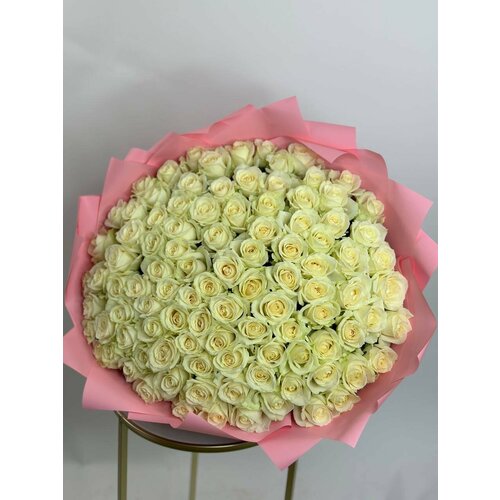 Букет из ароматной белой розы - 101 штука, высота 60 см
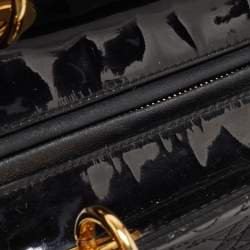 Pre Owned Dior Black Cannage Patent Leather Large Lady Dior Tote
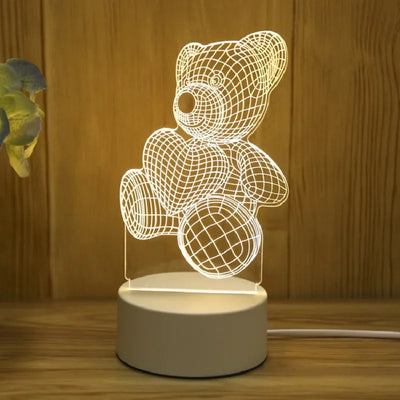 3D Creative Bear Night Lamp Acrylic USB LED Light | Animal Bedroom Decor Lamp for Christmas, Birthday & Wedding Gifts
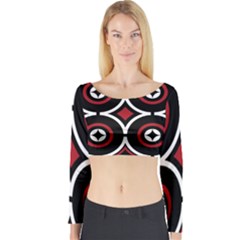Toraja Pattern Ne limbongan Long Sleeve Crop Top by BangZart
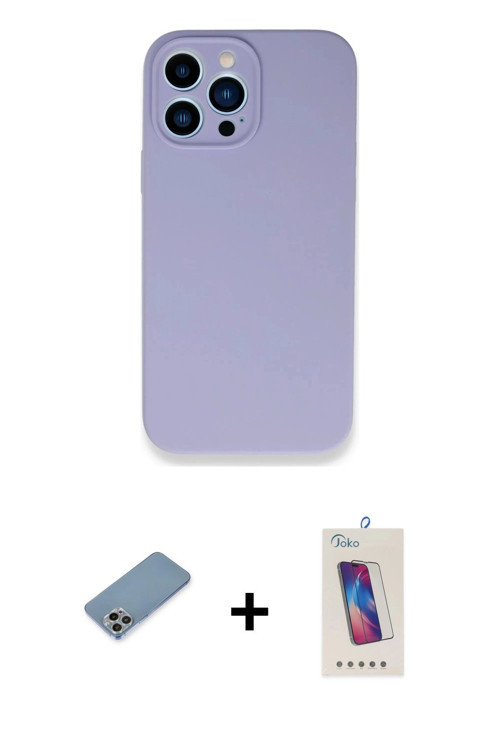 ieg™ iPhone 13 Pro Max Kılıf Zirve Modern Özel Seri - Siyah Joko 5D Cam + Gökkuşağı Shine Kamera Len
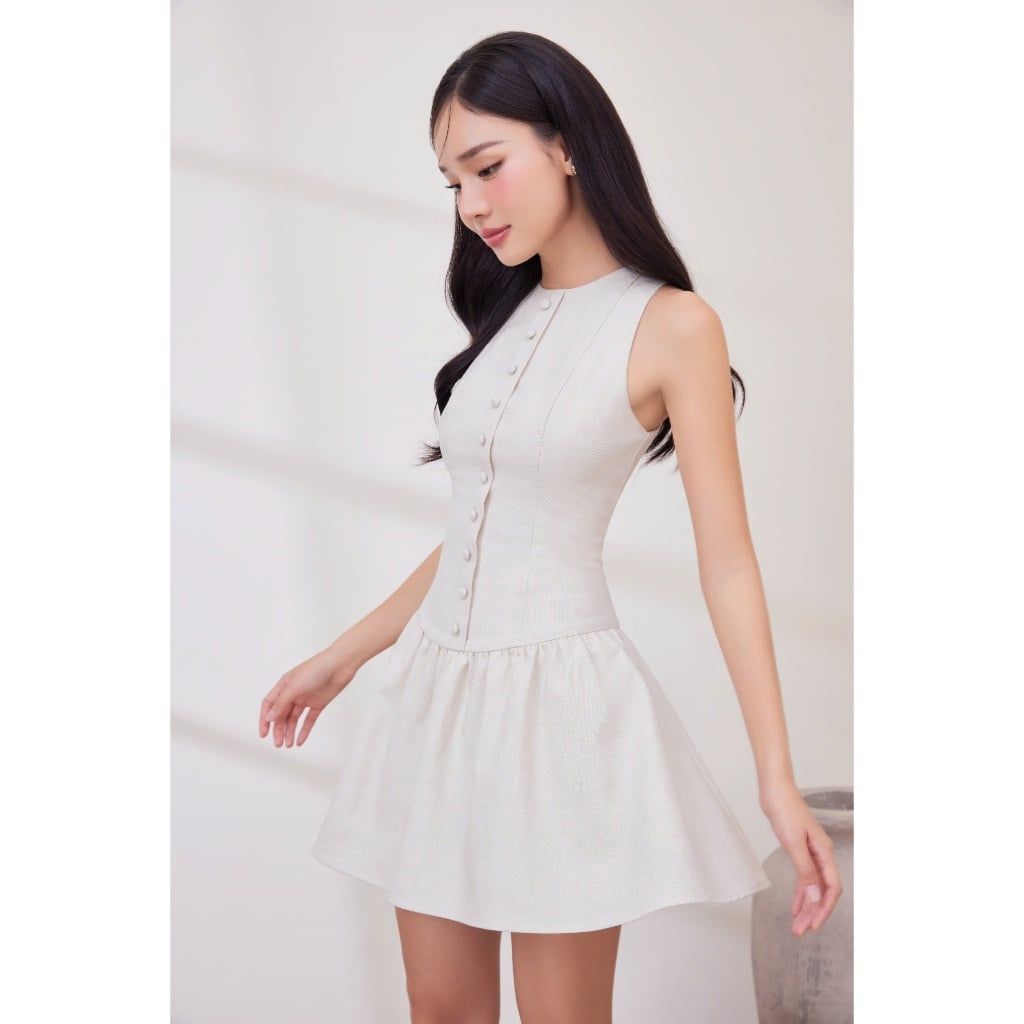 Đầm Nữ Ngắn Thiết Kế Nút Bọc Form Xòe Nhẹ Nhàng - POPPI DRESS - GOÛT DE JUN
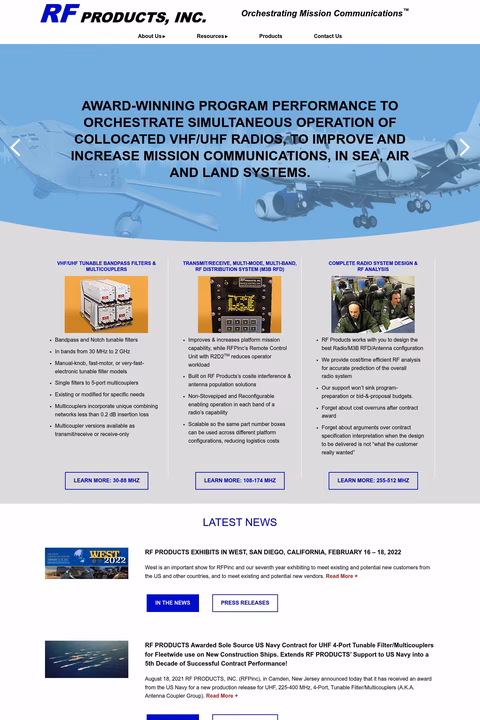 Rf-Products Homepage 1440px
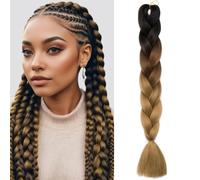Extension Pour Tresse Une Pieces Tresse Afro Synthetique Kanekalon Tresses Tressage Yaki Ombre Hair Braid 100g/pcs - 24"/60CM, Brun Foncé & Brun Moyen & Brun Clair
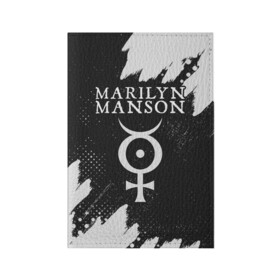 Обложка для паспорта матовая кожа с принтом MARILYN MANSON / М. МЭНСОН в Белгороде, натуральная матовая кожа | размер 19,3 х 13,7 см; прозрачные пластиковые крепления | logo | manson | marilyn | music | rock | группа | лого | логотип | логотипы | менсон | мерилин | мерлин | музыка | мэнсон | мэрилин | рок | символ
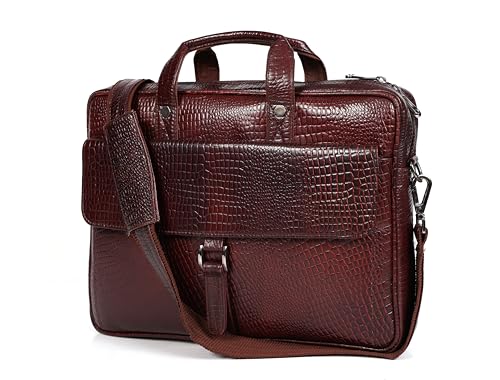 16" Crocodile Embossed Leather Laptop Briefcase, 5 Zipper Pockets, 2 Spacious Compartments, 16x12x4 inches. - color: Classic Brown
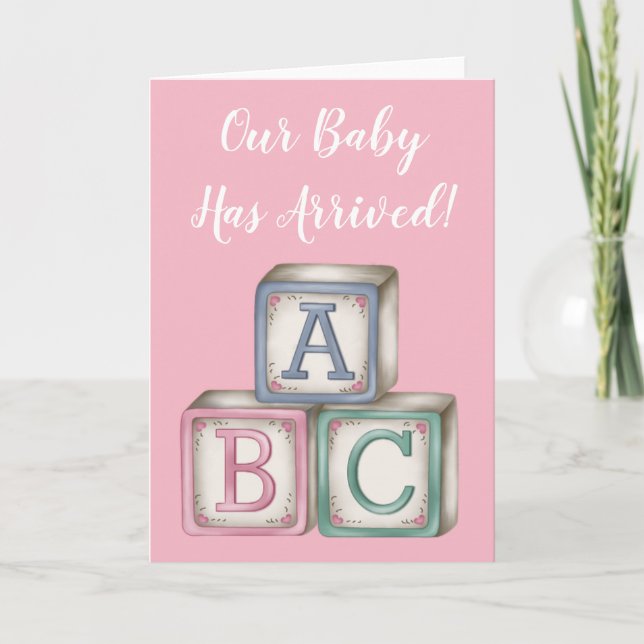 ABC Baby Blocks Greeting Card (Front)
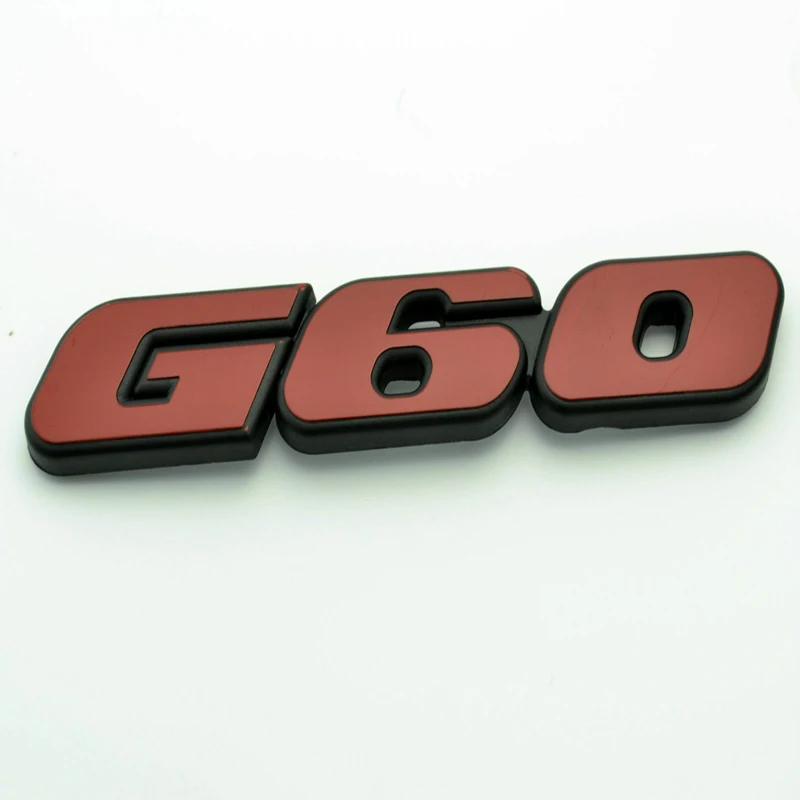 Gtinthebox 1PC 3D Red G60 Rear Car Auto Badge ABS Emblem For VW Golf POLO Corrado CADDY MK2 G60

········

BRIEF:
Pictures are not part of the copy. Return every record exactly.

RESPONSE FOR THIS EXERCISE:
 Букет из ароматной белой розы - 101 штука, высота 60 см
 Pre Owned Dior Black Cannage Patent Leather Large Lady Dior Tote
 3D Creative Bear Night Lamp Acrylic USB LED Light | Animal Bedroom Decor Lamp for Christmas, Birthday & Wedding Gifts
Toraja Pattern Ne limbongan Long Sleeve Crop Top by BangZart
 ieg™ iPhone 13 Pro Max Kılıf Zirve Modern Özel Seri - Siyah Joko 5D Cam + Gökkuşağı Shine Kamera Len
 Đầm Nữ Ngắn Thiết Kế Nút Bọc Form Xòe Nhẹ Nhàng - POPPI DRESS - GOÛT DE JUN
 Rf-Products Homepage 1440px
Extension Pour Tresse Une Pieces Tresse Afro Synthetique Kanekalon Tresses Tressage Yaki Ombre Hair Braid 100g/pcs - 24"/60CM, Brun Foncé & Brun Moyen & Brun Clair
 Обложка для паспорта матовая кожа с принтом MARILYN MANSON / М. МЭНСОН в Белгороде, натуральная матовая кожа | размер 19,3 х 13,7 см; прозрачные пластиковые крепления | logo | manson | marilyn | music | rock | группа | лого | логотип | логотипы | менсон | мерилин | мерлин | музыка | мэнсон | мэрилин | рок | символ
 16" Crocodile Embossed Leather Laptop Briefcase, 5 Zipper Pockets, 2 Spacious Compartments, 16x12x4 inches. - color: Classic Brown
 ABC Baby Blocks Greeting Card (Front)
 Gtinthebox 1PC 3D Red G60 Rear Car Auto Badge ABS Emblem For VW Golf POLO Corrado CADDY MK2 G60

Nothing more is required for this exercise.